(Work required): All pictures are to be excluded when the data below is output verbatim.
[Source data Boundary: Start]
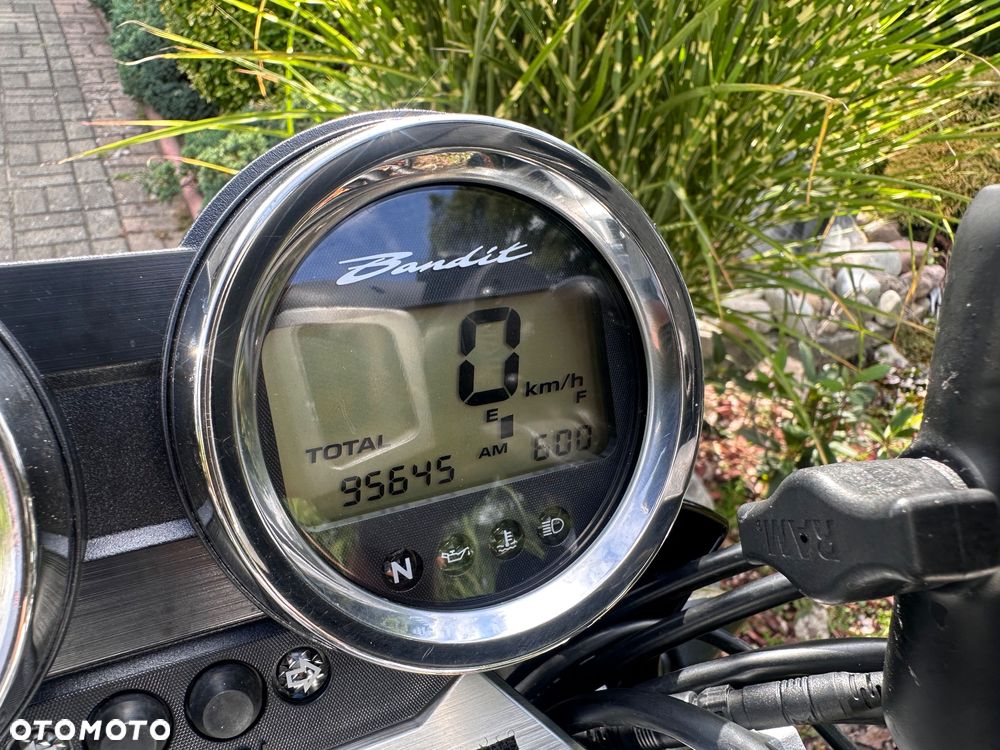Suzuki Bandit - 24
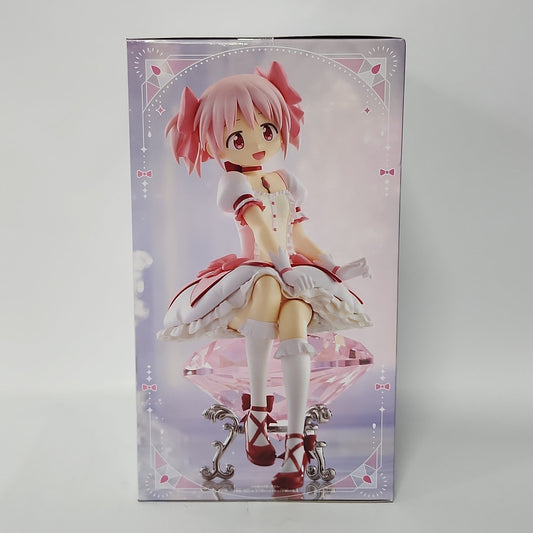 Puella Magi Madoka Magica – Madoka Kaname Sitting Figure (Diamond Base Ver.)
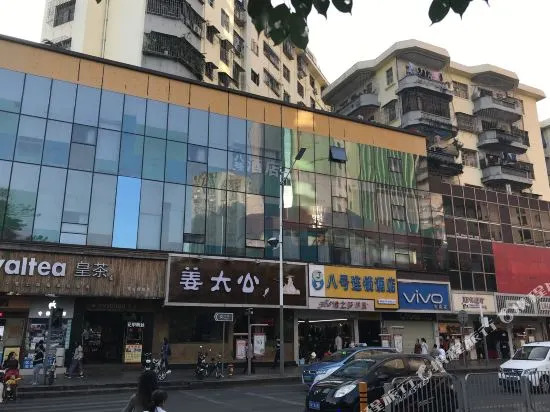 No. 8 Chain Hotel (Shenzhen East Railway Station, Buji Metro Station)
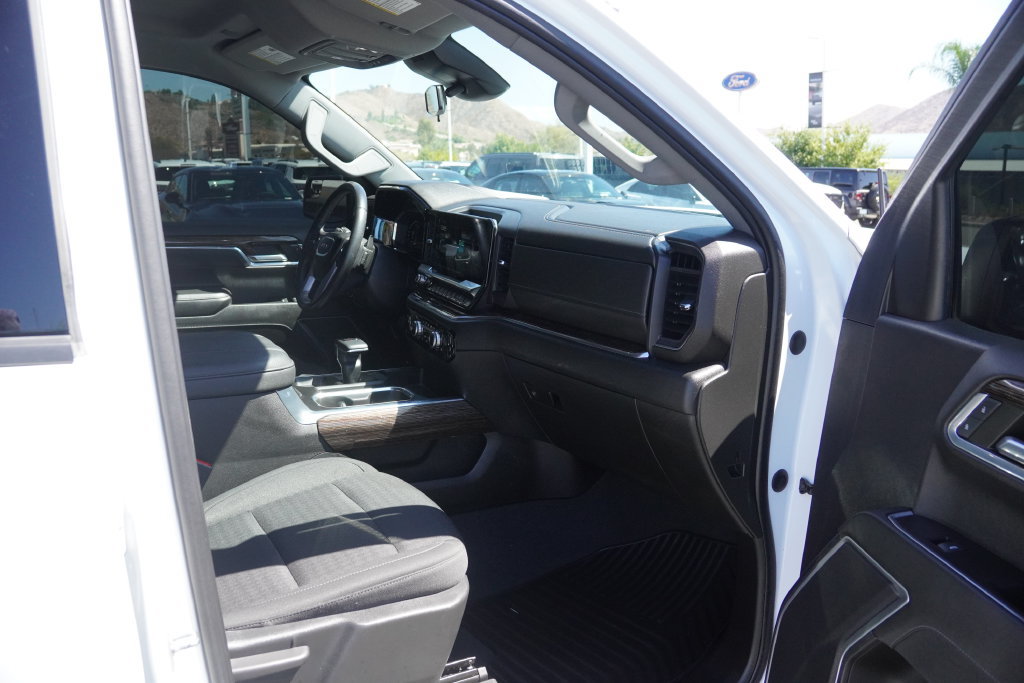 Used 2023 GMC Sierra 1500 Elevation w/ X31 Off-Road Package AWD/4WD image 36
[Source data Boundary: End]
(Exercise answer):
Suzuki Bandit - 24
 Puella Magi Madoka Magica – Madoka Kaname Sitting Figure (Diamond Base Ver.)
 No. 8 Chain Hotel (Shenzhen East Railway Station, Buji Metro Station)
 Used 2023 GMC Sierra 1500 Elevation w/ X31 Off-Road Package AWD/4WD image 36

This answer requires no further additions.